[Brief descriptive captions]
=-=-=
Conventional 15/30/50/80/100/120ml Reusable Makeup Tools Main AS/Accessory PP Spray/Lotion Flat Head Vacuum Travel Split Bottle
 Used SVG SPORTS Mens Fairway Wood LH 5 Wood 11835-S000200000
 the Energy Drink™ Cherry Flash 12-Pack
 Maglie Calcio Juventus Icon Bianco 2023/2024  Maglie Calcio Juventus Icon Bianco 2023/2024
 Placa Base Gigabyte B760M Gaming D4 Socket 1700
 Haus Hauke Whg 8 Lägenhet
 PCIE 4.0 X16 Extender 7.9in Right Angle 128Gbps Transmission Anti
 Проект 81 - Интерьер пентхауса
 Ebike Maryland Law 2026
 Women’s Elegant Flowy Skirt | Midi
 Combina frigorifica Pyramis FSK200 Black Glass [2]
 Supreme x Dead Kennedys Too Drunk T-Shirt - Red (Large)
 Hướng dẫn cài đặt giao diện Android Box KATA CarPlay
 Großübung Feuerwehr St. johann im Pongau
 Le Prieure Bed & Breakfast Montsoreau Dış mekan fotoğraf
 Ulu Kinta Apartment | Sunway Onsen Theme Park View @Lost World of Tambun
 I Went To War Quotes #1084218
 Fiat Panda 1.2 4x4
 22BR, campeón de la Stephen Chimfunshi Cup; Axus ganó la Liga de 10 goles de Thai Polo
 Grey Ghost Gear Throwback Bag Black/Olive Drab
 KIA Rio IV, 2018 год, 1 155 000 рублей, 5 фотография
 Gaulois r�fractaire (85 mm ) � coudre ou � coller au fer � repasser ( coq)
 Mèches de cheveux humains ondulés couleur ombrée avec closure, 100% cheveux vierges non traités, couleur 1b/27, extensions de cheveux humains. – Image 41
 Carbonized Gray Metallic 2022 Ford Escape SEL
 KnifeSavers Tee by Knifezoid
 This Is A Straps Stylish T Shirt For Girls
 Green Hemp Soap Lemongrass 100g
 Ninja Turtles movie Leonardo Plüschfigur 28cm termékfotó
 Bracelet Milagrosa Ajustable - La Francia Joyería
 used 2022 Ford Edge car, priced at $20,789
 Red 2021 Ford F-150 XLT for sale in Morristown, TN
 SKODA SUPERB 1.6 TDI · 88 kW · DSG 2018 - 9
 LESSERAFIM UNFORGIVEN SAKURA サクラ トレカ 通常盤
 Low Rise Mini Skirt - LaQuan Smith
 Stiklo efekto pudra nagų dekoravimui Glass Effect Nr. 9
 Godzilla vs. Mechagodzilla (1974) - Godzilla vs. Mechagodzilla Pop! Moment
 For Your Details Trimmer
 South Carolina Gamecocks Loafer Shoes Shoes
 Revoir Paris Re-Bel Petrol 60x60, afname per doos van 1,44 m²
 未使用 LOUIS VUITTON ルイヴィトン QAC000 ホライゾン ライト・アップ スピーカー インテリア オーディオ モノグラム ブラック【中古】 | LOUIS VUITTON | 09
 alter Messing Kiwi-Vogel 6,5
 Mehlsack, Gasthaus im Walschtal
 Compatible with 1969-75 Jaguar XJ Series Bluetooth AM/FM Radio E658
=-=-=
ACTIVITY =
Your task is to write out the lines from the one with "22BR, campeón de" through the end of the records, exactly and with nothing added.

TASK ANSWER =
 22BR, campeón de la Stephen Chimfunshi Cup; Axus ganó la Liga de 10 goles de Thai Polo
 Grey Ghost Gear Throwback Bag Black/Olive Drab
 KIA Rio IV, 2018 год, 1 155 000 рублей, 5 фотография
 Gaulois r�fractaire (85 mm ) � coudre ou � coller au fer � repasser ( coq)
 Mèches de cheveux humains ondulés couleur ombrée avec closure, 100% cheveux vierges non traités, couleur 1b/27, extensions de cheveux humains. – Image 41
 Carbonized Gray Metallic 2022 Ford Escape SEL
 KnifeSavers Tee by Knifezoid
 This Is A Straps Stylish T Shirt For Girls
 Green Hemp Soap Lemongrass 100g
 Ninja Turtles movie Leonardo Plüschfigur 28cm termékfotó
 Bracelet Milagrosa Ajustable - La Francia Joyería
 used 2022 Ford Edge car, priced at $20,789
 Red 2021 Ford F-150 XLT for sale in Morristown, TN
 SKODA SUPERB 1.6 TDI · 88 kW · DSG 2018 - 9
 LESSERAFIM UNFORGIVEN SAKURA サクラ トレカ 通常盤
 Low Rise Mini Skirt - LaQuan Smith
 Stiklo efekto pudra nagų dekoravimui Glass Effect Nr. 9
 Godzilla vs. Mechagodzilla (1974) - Godzilla vs. Mechagodzilla Pop! Moment
 For Your Details Trimmer
 South Carolina Gamecocks Loafer Shoes Shoes
 Revoir Paris Re-Bel Petrol 60x60, afname per doos van 1,44 m²
 未使用 LOUIS VUITTON ルイヴィトン QAC000 ホライゾン ライト・アップ スピーカー インテリア オーディオ モノグラム ブラック【中古】 | LOUIS VUITTON | 09
 alter Messing Kiwi-Vogel 6,5
 Mehlsack, Gasthaus im Walschtal
 Compatible with 1969-75 Jaguar XJ Series Bluetooth AM/FM Radio E658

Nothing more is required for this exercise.